What is needed
Exact copy, pictures excluded: write out every line below.

Dataset extract
☆ ☆ ☆
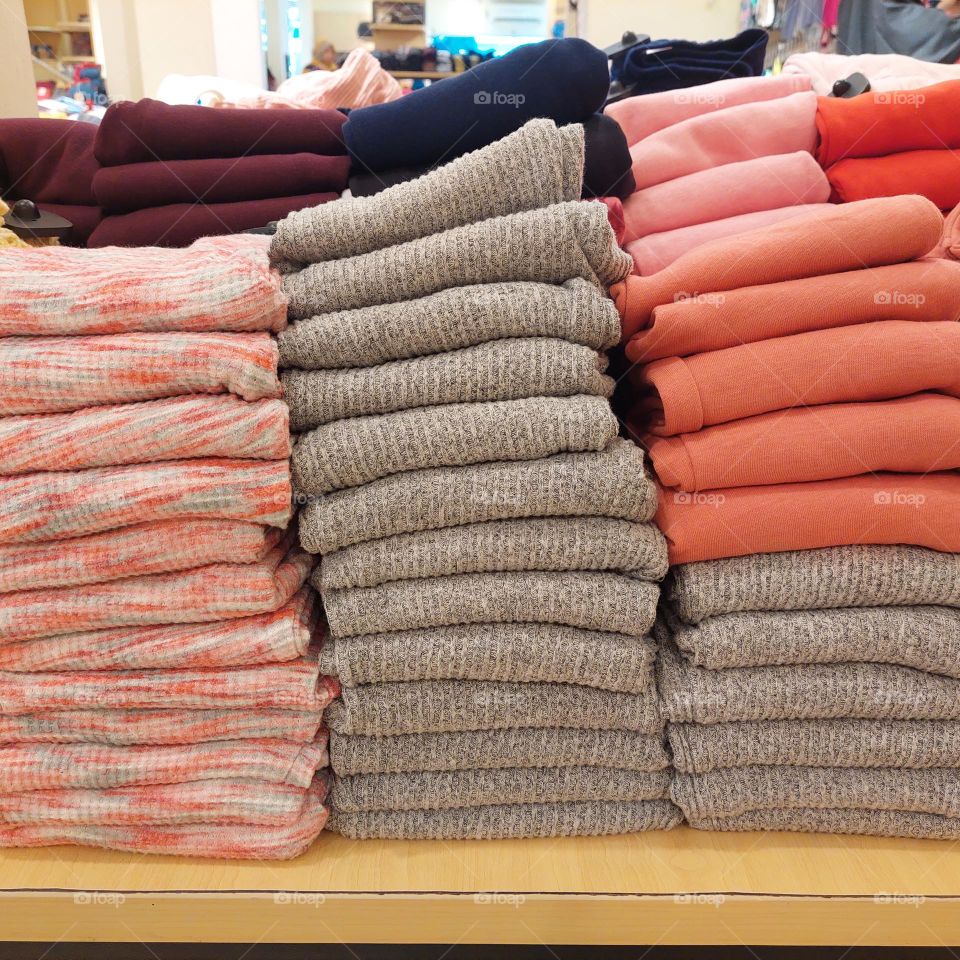 stacks of clothes folded neatly to attract shoppers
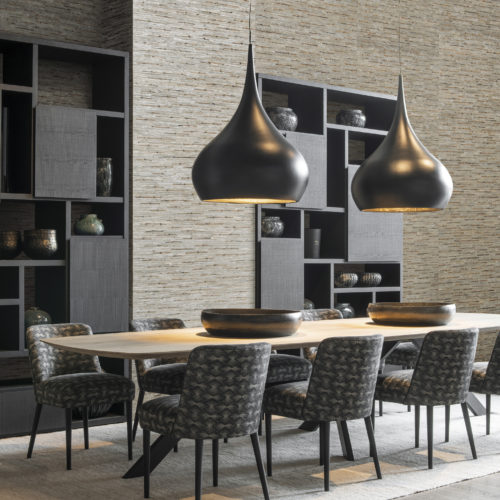 If we desire an interior space that honours our authentic personality and becomes a personal sanctuary providing peace and wellbeing, Seraya is our natural choice... In this picture we see a dining room with black cabinets. On the walls: woven rattan & bacnoc, a unison of two fibres - the bacnoc knots are intertwined with the rippled rattan fibres - creating a perfect decorative harmony.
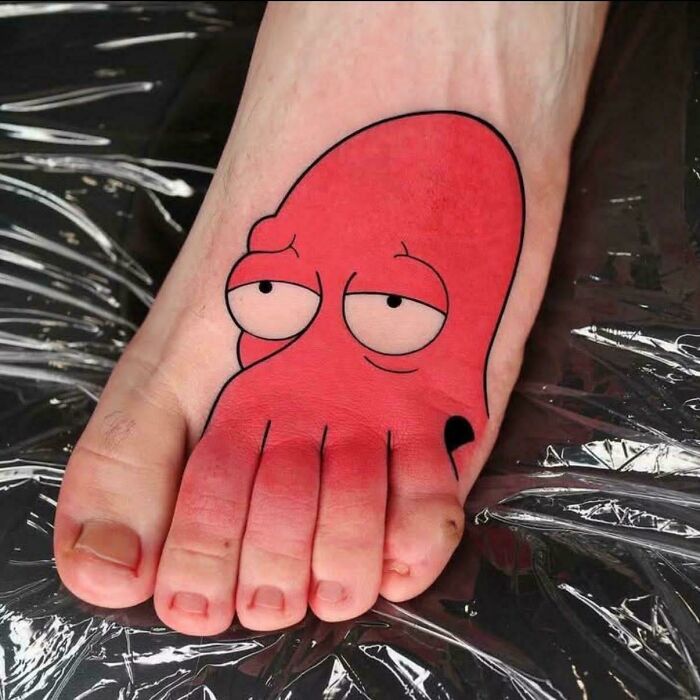 A cartoonish red octopus tattoo on a foot, with tentacles wrapping around toes, demonstrating the tattoo artist's talent.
☆ ☆ ☆
Answer space
 stacks of clothes folded neatly to attract shoppers
 If we desire an interior space that honours our authentic personality and becomes a personal sanctuary providing peace and wellbeing, Seraya is our natural choice... In this picture we see a dining room with black cabinets. On the walls: woven rattan & bacnoc, a unison of two fibres - the bacnoc knots are intertwined with the rippled rattan fibres - creating a perfect decorative harmony.
 A cartoonish red octopus tattoo on a foot, with tentacles wrapping around toes, demonstrating the tattoo artist's talent.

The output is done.